TASK DETAILS:
Find the line containing "Fever-tree Sparkling Pink", then print it and each following line through the end of the records, exactly and with nothing added; leave out any pictures.

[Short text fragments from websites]
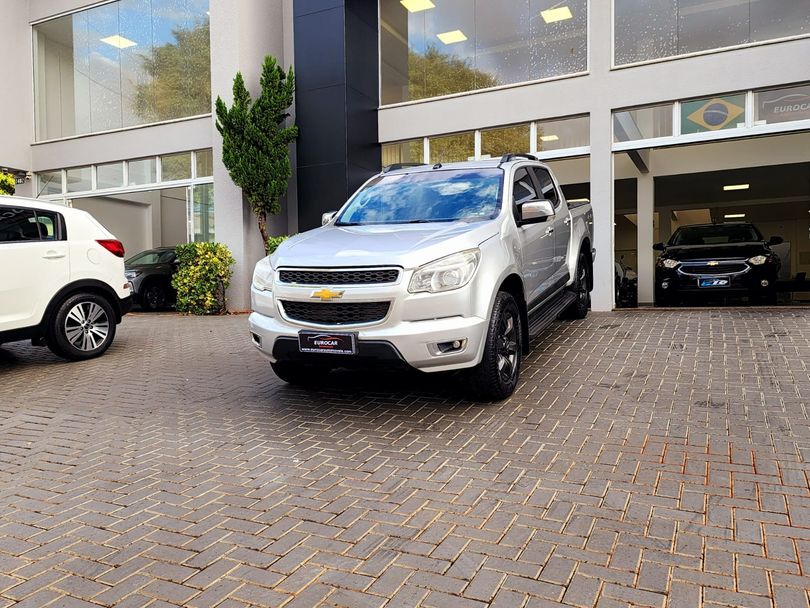 Chevrolet S10 Pick-Up LTZ 2.8 TDI 4x4 CD Dies.Aut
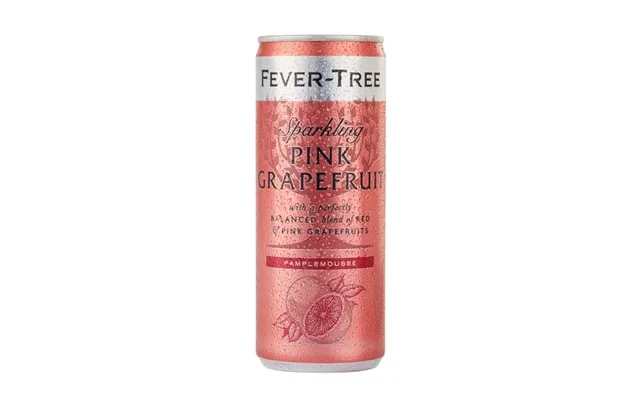 Fever-tree Sparkling Pink Grapefruit 250 Ml product image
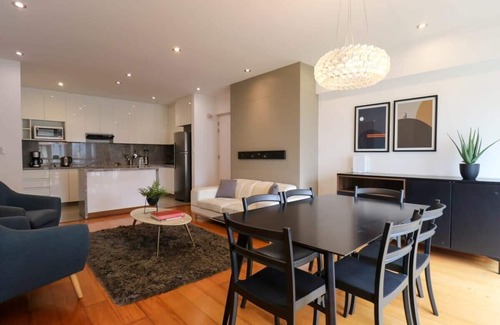 Barranco Apartment | w* | Upscale 1BR w/Sauna on Barranco's Boardwalk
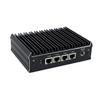 ANDAQI Din Rail Side Mount Micro Firewall Appliance, Mini PC, Untangle, Sophos XG,OPNsense, VPN, Router PC, J3160, RX18, COM, 4 x I210 I211, 2 x HDMI, 8G RAM, 128G SSD view 4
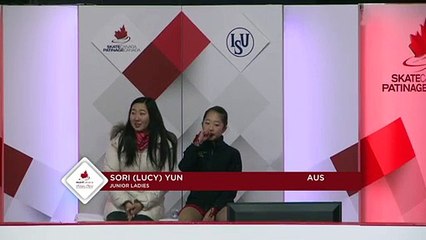 2016 ACI Junior Ladies Short Program (Group 2)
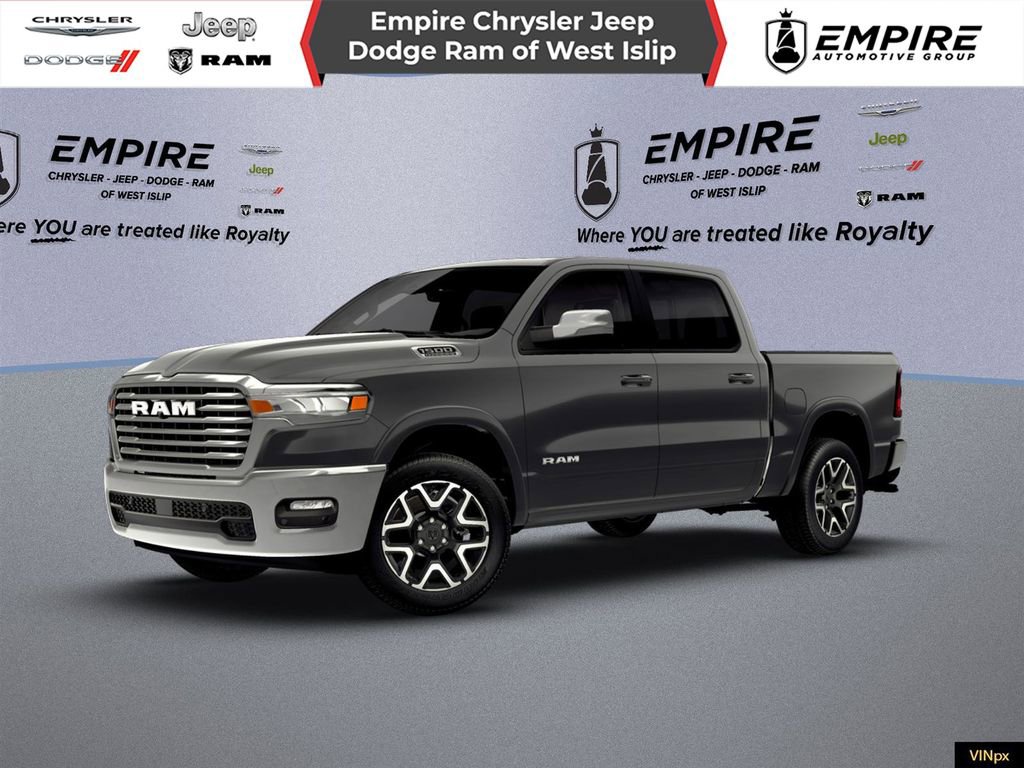 New 2026 RAM 1500 Laramie w/ Bed Utility Group image 1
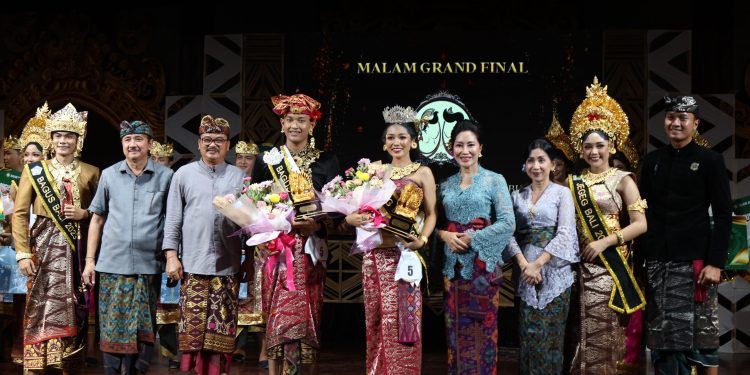 Pj. Gubernur Bali Harap Jegeg Bagus Bali Asah Terus Wawasan dan Karakter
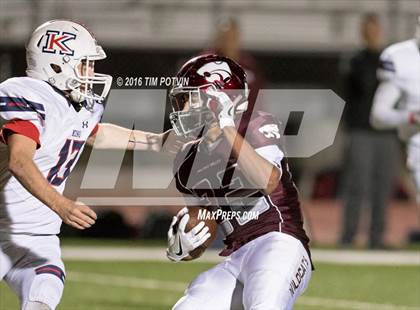 Thumbnail 3 in King vs Paloma Valley (CIF Division 5 Round 1 Playoff) photogallery.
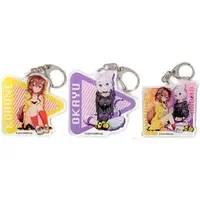 Nekomata Okayu & Inugami Korone - Acrylic Key Chain - Key Chain - hololive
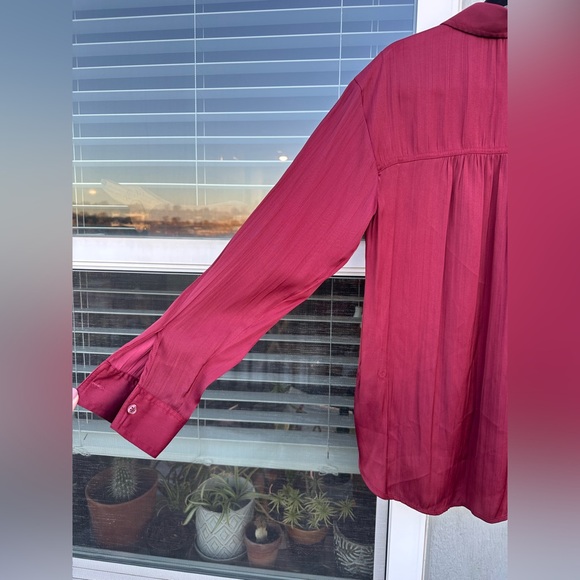 Anthropologie Button Down Blouse - Picture 6 of 9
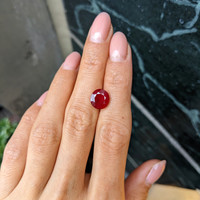 4.15 Ct. Ruby from Mozambique Life Style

FINISHED TASK:
 Fever-tree Sparkling Pink Grapefruit 250 Ml product image
 Barranco Apartment | w* | Upscale 1BR w/Sauna on Barranco's Boardwalk
 ANDAQI Din Rail Side Mount Micro Firewall Appliance, Mini PC, Untangle, Sophos XG,OPNsense, VPN, Router PC, J3160, RX18, COM, 4 x I210 I211, 2 x HDMI, 8G RAM, 128G SSD view 4
 2016 ACI Junior Ladies Short Program (Group 2)
 New 2026 RAM 1500 Laramie w/ Bed Utility Group image 1
 Pj. Gubernur Bali Harap Jegeg Bagus Bali Asah Terus Wawasan dan Karakter
 Thumbnail 3 in King vs Paloma Valley (CIF Division 5 Round 1 Playoff) photogallery.
 Nekomata Okayu & Inugami Korone - Acrylic Key Chain - Key Chain - hololive
 Anthropologie Button Down Blouse - Picture 6 of 9
 4.15 Ct. Ruby from Mozambique Life Style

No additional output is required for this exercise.